A Field Programmable Gate Array (FPGA) has been implemented to shape pulses
from a SiPM into spectra that are accumulated and stored within a database hosted within the detector. This system has been validated experimentally using four sealed gamma sources by identifying and fitting photopeaks within the captured spectra to known gamma energies. LED blink testing has been conducted to study how the pulse shaper delay coefficients affect recorded spectrums.
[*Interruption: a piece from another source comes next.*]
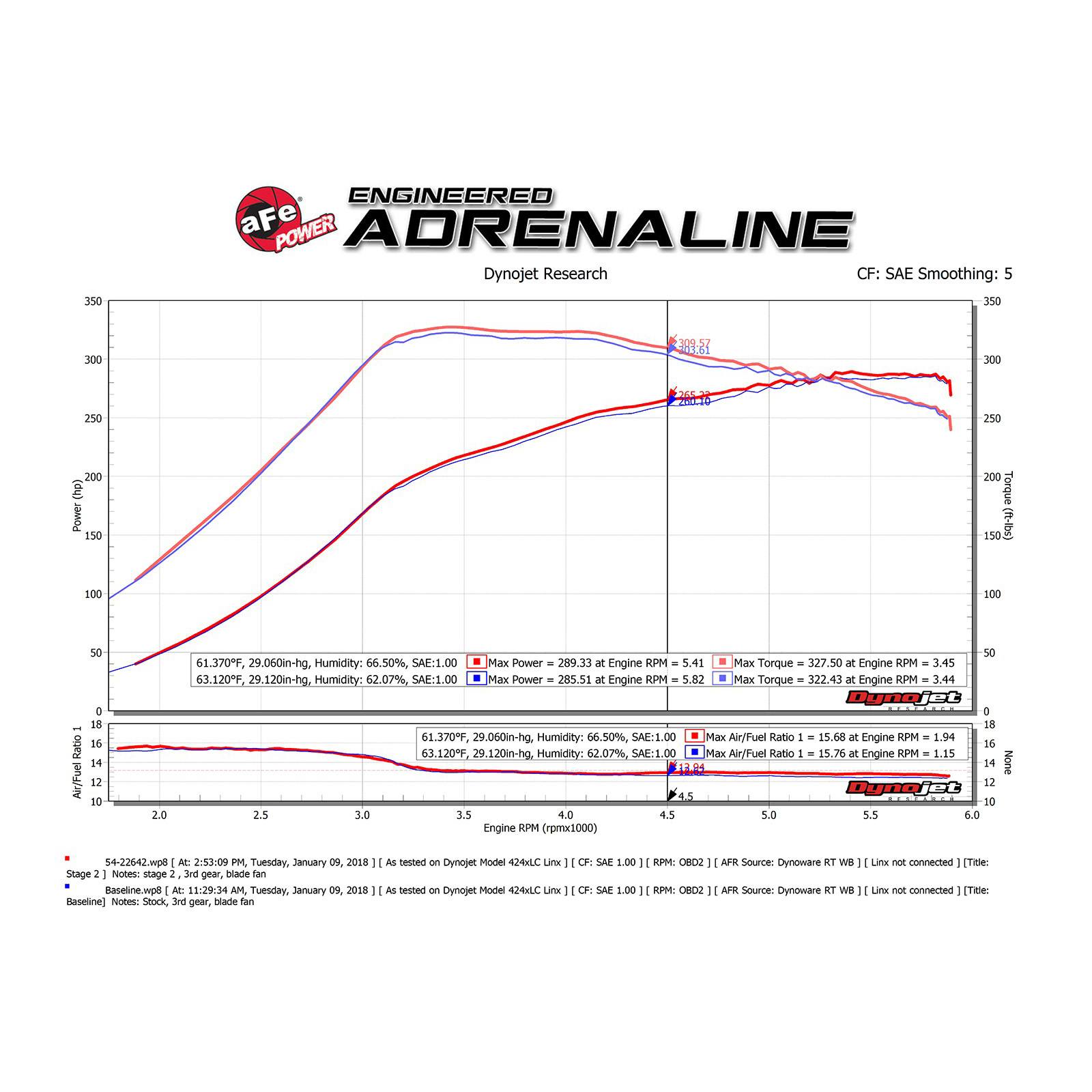 Magnum FORCE Stage-2 Cold Air Intake System w/ Pro DRY S Media 51-22642-B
The electrical system and flow cell have then been combined into a benchtop
system and tested with multiple concentrations of tritiated water, results show a
correlation between detected count rate and the activity concentration within the flow cell. Experiments with strontium-90 tracers show an increase in count rate as the tracer entered the flow cell, and two borehole groundwater samples taken from the Sellafield site have been passed through the detector obtaining two spectra. Finally, the benchtop system has been compacted to fit within the limited confines of standard 50 mm boreholes.